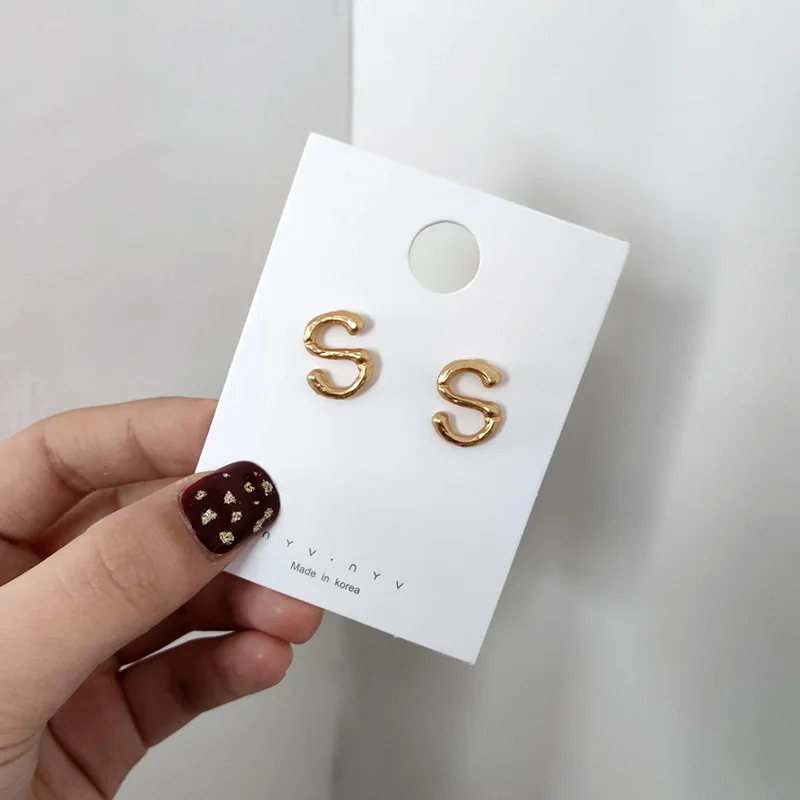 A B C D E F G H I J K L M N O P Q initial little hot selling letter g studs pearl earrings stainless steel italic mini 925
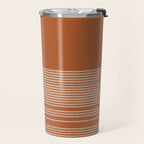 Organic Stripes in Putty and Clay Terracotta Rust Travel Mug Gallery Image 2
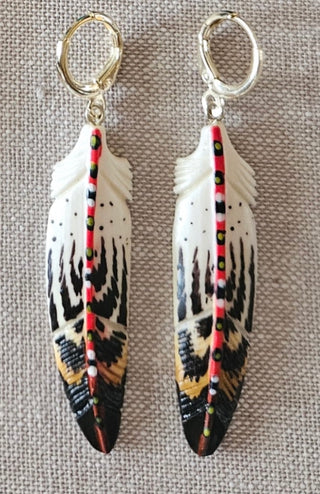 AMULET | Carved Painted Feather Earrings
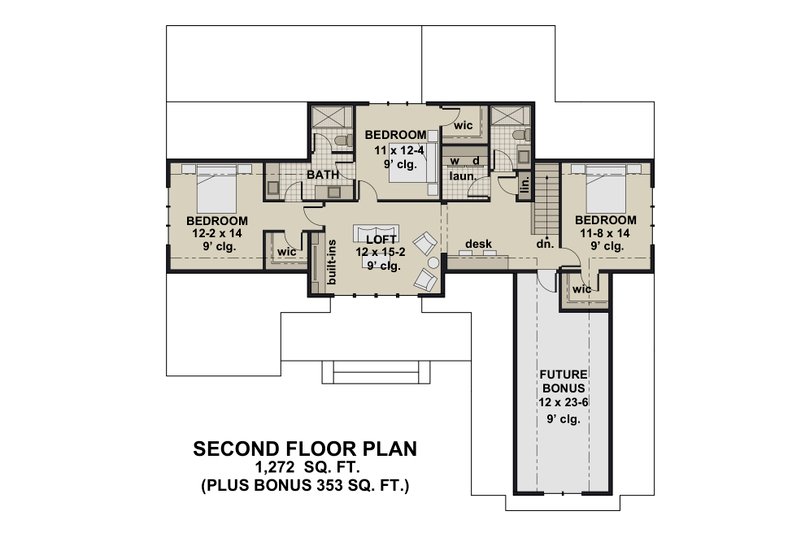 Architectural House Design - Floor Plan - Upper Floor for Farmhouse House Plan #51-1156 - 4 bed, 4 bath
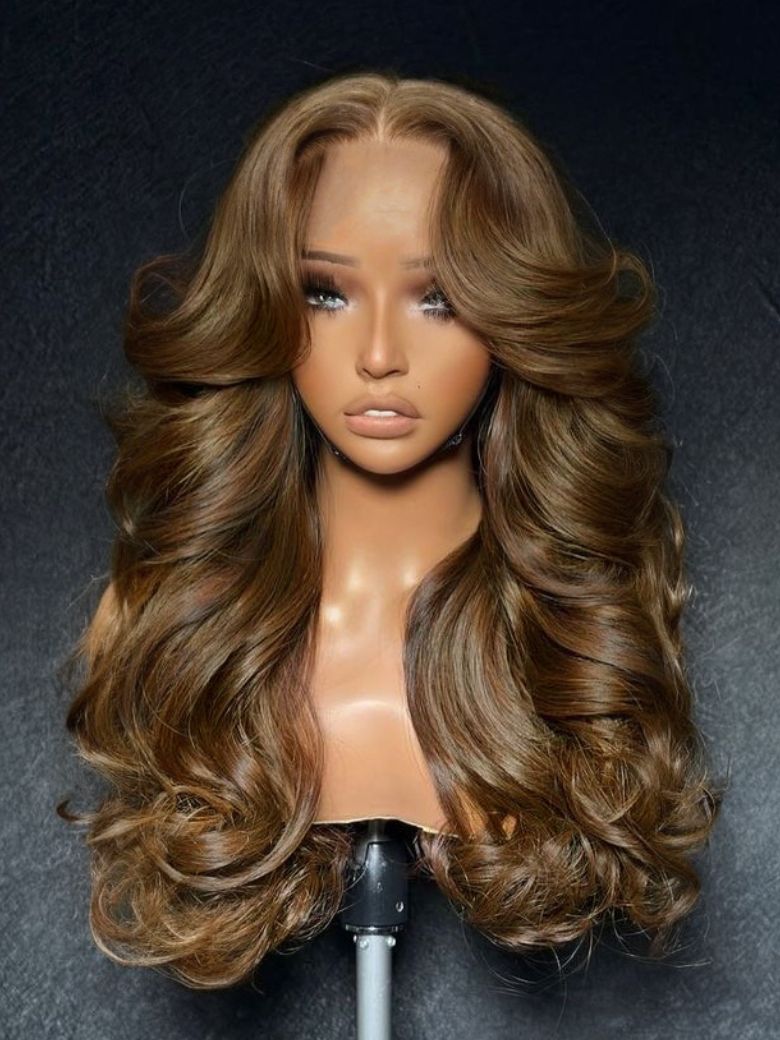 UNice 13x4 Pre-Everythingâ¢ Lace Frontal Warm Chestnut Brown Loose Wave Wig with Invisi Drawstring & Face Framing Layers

______

Copy exactly the lines that begin at the one containing "AMULET | Carved Painted Feather Earrings" and end at the last line of the records, both included, omitting the pictures.

 AMULET | Carved Painted Feather Earrings
 Architectural House Design - Floor Plan - Upper Floor for Farmhouse House Plan #51-1156 - 4 bed, 4 bath
 UNice 13x4 Pre-Everythingâ¢ Lace Frontal Warm Chestnut Brown Loose Wave Wig with Invisi Drawstring & Face Framing Layers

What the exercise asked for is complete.